#### [Task brief]
Would you please set down, word for word, the lines from the one with "Apartamento entero, Apartamento" through the final line of the data below, omitting any pictures?

#### [Information shown]
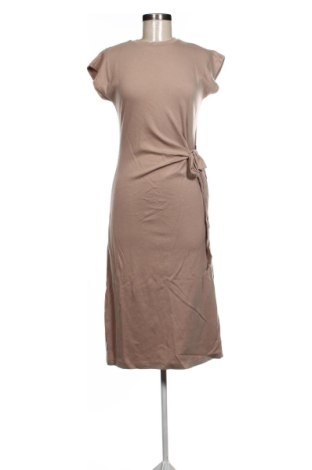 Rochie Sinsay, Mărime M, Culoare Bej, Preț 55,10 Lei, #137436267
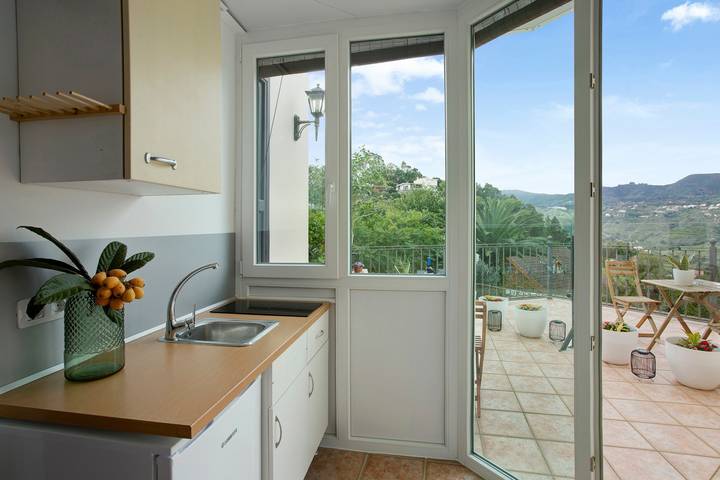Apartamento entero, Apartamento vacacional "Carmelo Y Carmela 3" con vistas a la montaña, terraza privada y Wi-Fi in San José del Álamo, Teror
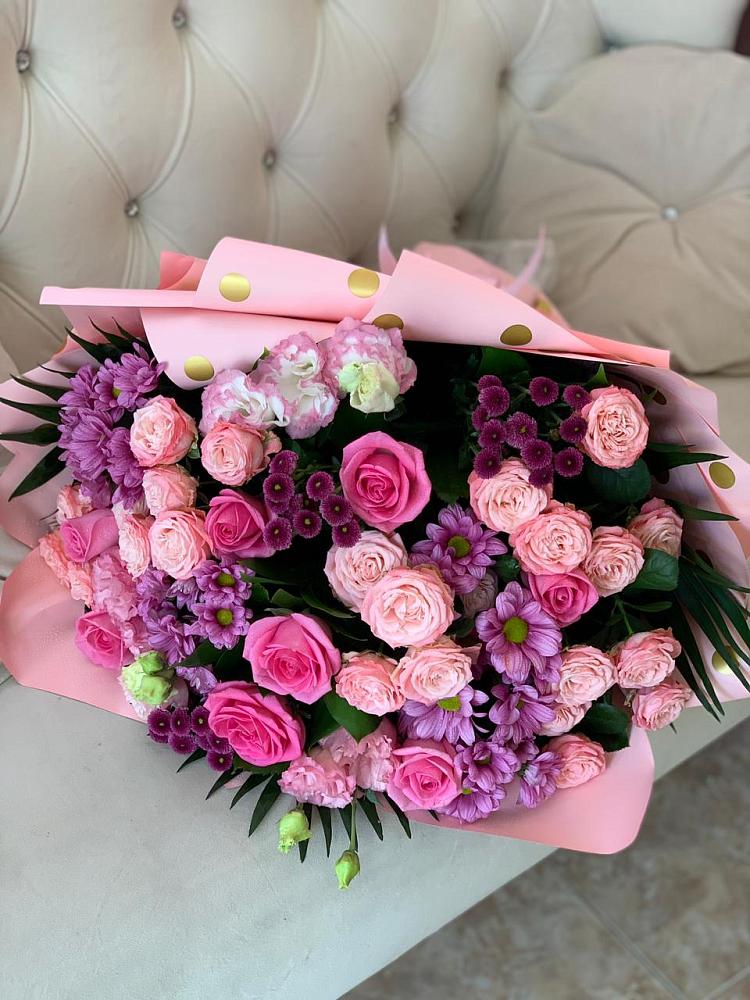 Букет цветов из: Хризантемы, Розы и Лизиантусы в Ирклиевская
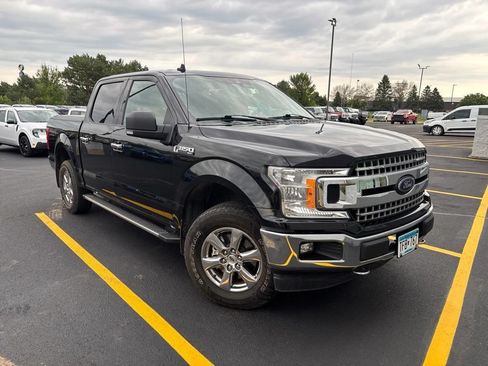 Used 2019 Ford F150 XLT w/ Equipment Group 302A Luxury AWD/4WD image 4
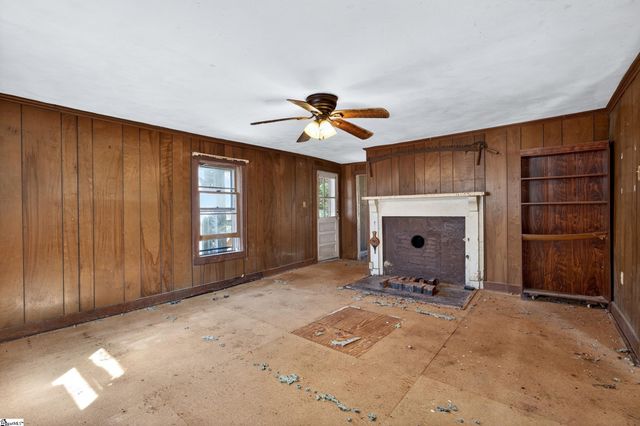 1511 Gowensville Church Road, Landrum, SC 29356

#### [Problem solution]
Apartamento entero, Apartamento vacacional "Carmelo Y Carmela 3" con vistas a la montaña, terraza privada y Wi-Fi in San José del Álamo, Teror
 Букет цветов из: Хризантемы, Розы и Лизиантусы в Ирклиевская
 Used 2019 Ford F150 XLT w/ Equipment Group 302A Luxury AWD/4WD image 4
 1511 Gowensville Church Road, Landrum, SC 29356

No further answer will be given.